What needs to be done:
Sift the listing for lines that hold the string "Book" and pull them out.
-------------------------
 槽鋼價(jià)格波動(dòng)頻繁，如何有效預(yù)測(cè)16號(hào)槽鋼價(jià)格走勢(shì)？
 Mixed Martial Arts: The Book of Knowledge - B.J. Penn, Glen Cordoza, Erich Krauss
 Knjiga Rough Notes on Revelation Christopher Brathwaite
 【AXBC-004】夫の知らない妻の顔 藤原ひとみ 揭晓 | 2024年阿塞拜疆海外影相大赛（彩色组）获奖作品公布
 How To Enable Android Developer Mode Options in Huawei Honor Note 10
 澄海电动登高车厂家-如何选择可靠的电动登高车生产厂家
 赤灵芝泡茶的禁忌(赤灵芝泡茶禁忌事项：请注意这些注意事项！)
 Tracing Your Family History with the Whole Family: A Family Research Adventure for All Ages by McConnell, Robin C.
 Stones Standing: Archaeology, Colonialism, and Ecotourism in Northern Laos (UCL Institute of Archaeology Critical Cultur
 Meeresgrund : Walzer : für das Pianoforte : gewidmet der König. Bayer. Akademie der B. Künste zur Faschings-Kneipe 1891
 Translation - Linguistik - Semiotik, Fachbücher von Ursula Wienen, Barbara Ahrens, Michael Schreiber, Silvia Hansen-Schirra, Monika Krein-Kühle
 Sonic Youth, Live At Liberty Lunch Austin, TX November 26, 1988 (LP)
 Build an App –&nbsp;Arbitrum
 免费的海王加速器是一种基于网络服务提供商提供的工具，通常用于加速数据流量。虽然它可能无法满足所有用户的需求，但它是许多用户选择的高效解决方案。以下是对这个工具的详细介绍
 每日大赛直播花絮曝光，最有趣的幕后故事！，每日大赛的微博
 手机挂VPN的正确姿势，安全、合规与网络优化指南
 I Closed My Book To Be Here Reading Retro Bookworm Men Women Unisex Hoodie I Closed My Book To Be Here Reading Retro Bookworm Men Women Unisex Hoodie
-------------------------
Solution below:
 Mixed Martial Arts: The Book of Knowledge - B.J. Penn, Glen Cordoza, Erich Krauss
 I Closed My Book To Be Here Reading Retro Bookworm Men Women Unisex Hoodie I Closed My Book To Be Here Reading Retro Bookworm Men Women Unisex Hoodie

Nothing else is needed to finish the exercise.